#Telecom Domain Read & Write Ops Assignment - Building Datalake & Lakehouse
This notebook contains assignments to practice Spark read options and Databricks volumes. <br>
Sections: Sample data creation, Catalog & Volume creation, Copying data into Volumes, Path glob/recursive reads, toDF() column renaming variants, inferSchema/header/separator experiments, and exercises.<br>

![](https://fplogoimages.withfloats.com/actual/68009c3a43430aff8a30419d.png)
![](https://theciotimes.com/wp-content/uploads/2021/03/TELECOM1.jpg)

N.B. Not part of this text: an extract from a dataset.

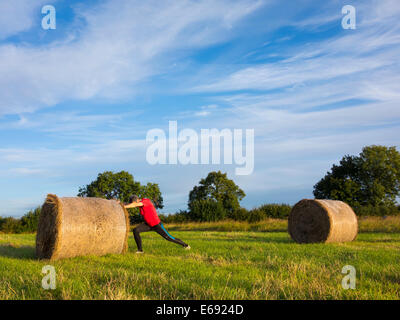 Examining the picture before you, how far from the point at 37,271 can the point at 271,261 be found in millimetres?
5317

##First Import all required libraries & Create spark session object

##1. Write SQL statements to create:
1. A catalog named telecom_catalog_assign
2. A schema landing_zone
3. A volume landing_vol
4. Using dbutils.fs.mkdirs, create folders:<br>
/Volumes/telecom_catalog_assign/landing_zone/landing_vol/customer/
/Volumes/telecom_catalog_assign/landing_zone/landing_vol/usage/
/Volumes/telecom_catalog_assign/landing_zone/landing_vol/tower/
5. Explain the difference between (Just google and understand why we are going for volume concept for prod ready systems):<br>
a. Volume vs DBFS/FileStore<br>
b. Why production teams prefer Volumes for regulated data<br>

In [0]:
%sql
CREATE CATALOG IF NOT EXISTS telecom_catalog_assign;
CREATE SCHEMA IF NOT EXISTS telecom_catalog_assign.landing_zone;
CREATE VOLUME IF NOT EXISTS telecom_catalog_assign.landing_zone.landing_vol;

In [0]:
base_path = "/Volumes/telecom_catalog_assign/landing_zone/landing_vol"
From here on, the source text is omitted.